Exercise:
Look below and pull out each line with the word "Print".

(Caption-style text data)
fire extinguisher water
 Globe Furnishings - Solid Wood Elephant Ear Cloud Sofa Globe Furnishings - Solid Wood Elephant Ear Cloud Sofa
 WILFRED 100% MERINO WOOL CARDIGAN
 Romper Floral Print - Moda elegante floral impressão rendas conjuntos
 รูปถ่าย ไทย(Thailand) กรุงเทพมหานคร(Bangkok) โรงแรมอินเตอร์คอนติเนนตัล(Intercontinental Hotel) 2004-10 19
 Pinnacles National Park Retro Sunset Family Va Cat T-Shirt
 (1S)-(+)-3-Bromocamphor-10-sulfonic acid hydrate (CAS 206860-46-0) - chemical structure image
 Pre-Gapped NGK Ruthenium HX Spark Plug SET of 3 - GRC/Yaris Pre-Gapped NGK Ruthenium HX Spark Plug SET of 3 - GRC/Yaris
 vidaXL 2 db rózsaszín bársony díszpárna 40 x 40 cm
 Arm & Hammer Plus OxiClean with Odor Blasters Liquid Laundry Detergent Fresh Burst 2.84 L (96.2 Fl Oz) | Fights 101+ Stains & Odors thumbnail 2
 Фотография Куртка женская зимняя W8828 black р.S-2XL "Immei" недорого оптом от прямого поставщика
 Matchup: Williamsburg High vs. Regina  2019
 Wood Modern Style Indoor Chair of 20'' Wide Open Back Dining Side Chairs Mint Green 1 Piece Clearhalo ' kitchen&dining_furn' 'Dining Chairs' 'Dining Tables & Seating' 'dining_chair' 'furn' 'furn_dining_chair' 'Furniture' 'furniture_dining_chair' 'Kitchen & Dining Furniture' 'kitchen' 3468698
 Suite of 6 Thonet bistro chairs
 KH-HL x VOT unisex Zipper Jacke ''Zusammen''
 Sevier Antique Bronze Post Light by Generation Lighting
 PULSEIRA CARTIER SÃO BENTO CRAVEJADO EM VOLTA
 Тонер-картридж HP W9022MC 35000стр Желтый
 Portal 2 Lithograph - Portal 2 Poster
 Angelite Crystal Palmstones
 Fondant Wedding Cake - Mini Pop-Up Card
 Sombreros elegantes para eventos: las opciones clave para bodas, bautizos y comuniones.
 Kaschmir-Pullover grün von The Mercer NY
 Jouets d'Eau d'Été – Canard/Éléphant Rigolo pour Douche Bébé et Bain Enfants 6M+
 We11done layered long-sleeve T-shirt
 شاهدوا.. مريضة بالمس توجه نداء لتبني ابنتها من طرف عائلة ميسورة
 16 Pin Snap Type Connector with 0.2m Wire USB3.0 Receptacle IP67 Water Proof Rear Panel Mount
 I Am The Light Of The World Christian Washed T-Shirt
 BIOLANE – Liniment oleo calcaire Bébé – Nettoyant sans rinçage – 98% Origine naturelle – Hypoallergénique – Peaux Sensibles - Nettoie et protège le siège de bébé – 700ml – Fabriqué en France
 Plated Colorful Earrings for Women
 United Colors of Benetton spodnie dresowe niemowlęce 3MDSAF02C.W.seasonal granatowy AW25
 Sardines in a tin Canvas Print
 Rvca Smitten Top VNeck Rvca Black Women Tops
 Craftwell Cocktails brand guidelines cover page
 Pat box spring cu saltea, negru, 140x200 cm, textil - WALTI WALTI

Answer for this exercise:
 Romper Floral Print - Moda elegante floral impressão rendas conjuntos
 Sardines in a tin Canvas Print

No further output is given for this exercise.